▶ Supplied material
==============================

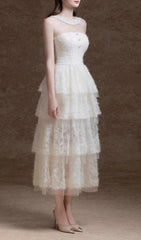 Elfreda White Tiered Lace Midi Dress with Illusion Neckline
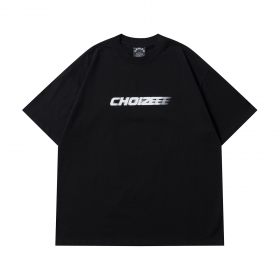 Универсальная чёрная CHOIZE футболка лого и принт на спине и груди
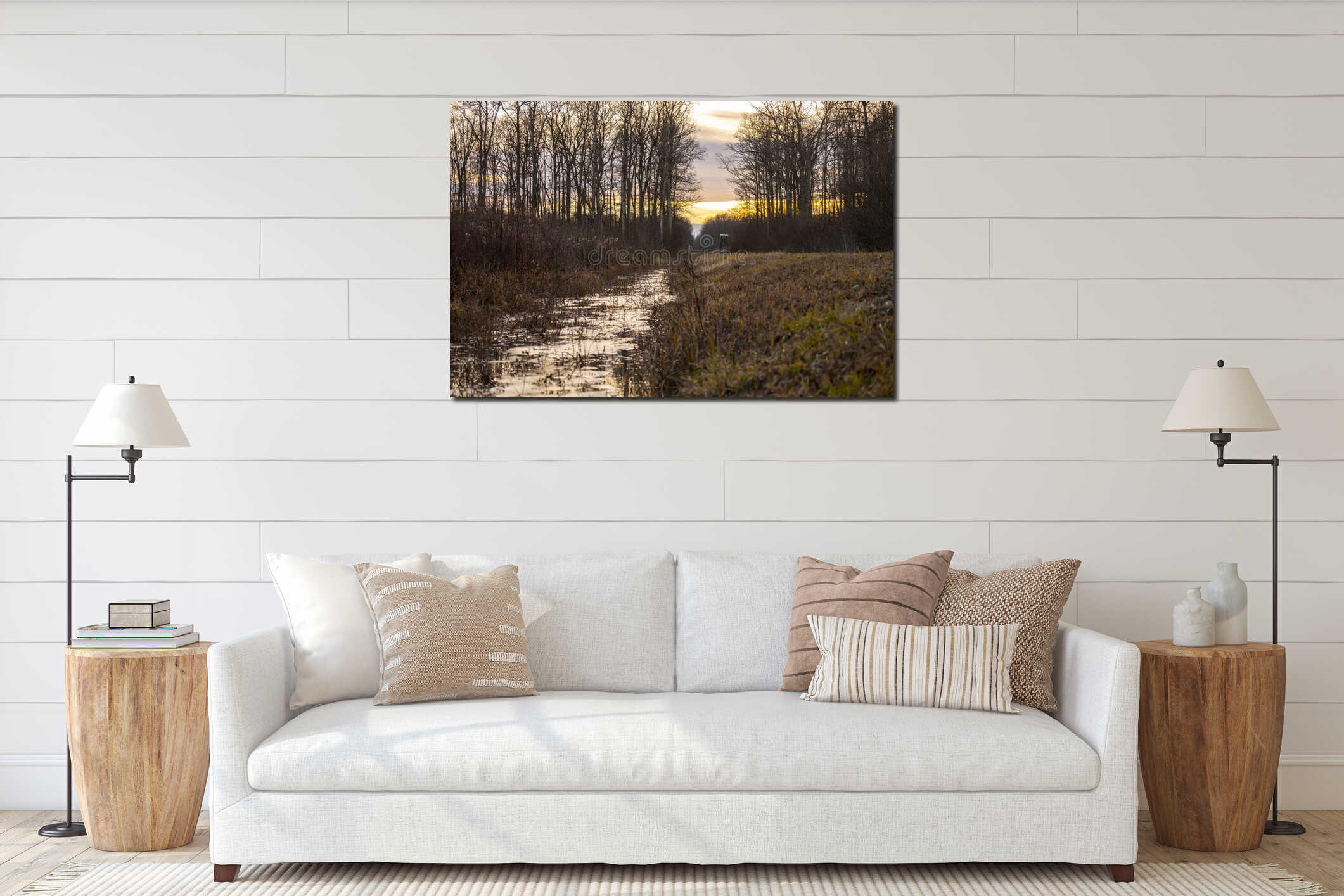 Canvas hanging interior mockup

==============================

▶ Task prompt
Apart from the pictures, every line of the material above is to be returned word for word.

▶ Solution to the problem
 Elfreda White Tiered Lace Midi Dress with Illusion Neckline
 Универсальная чёрная CHOIZE футболка лого и принт на спине и груди
 Canvas hanging interior mockup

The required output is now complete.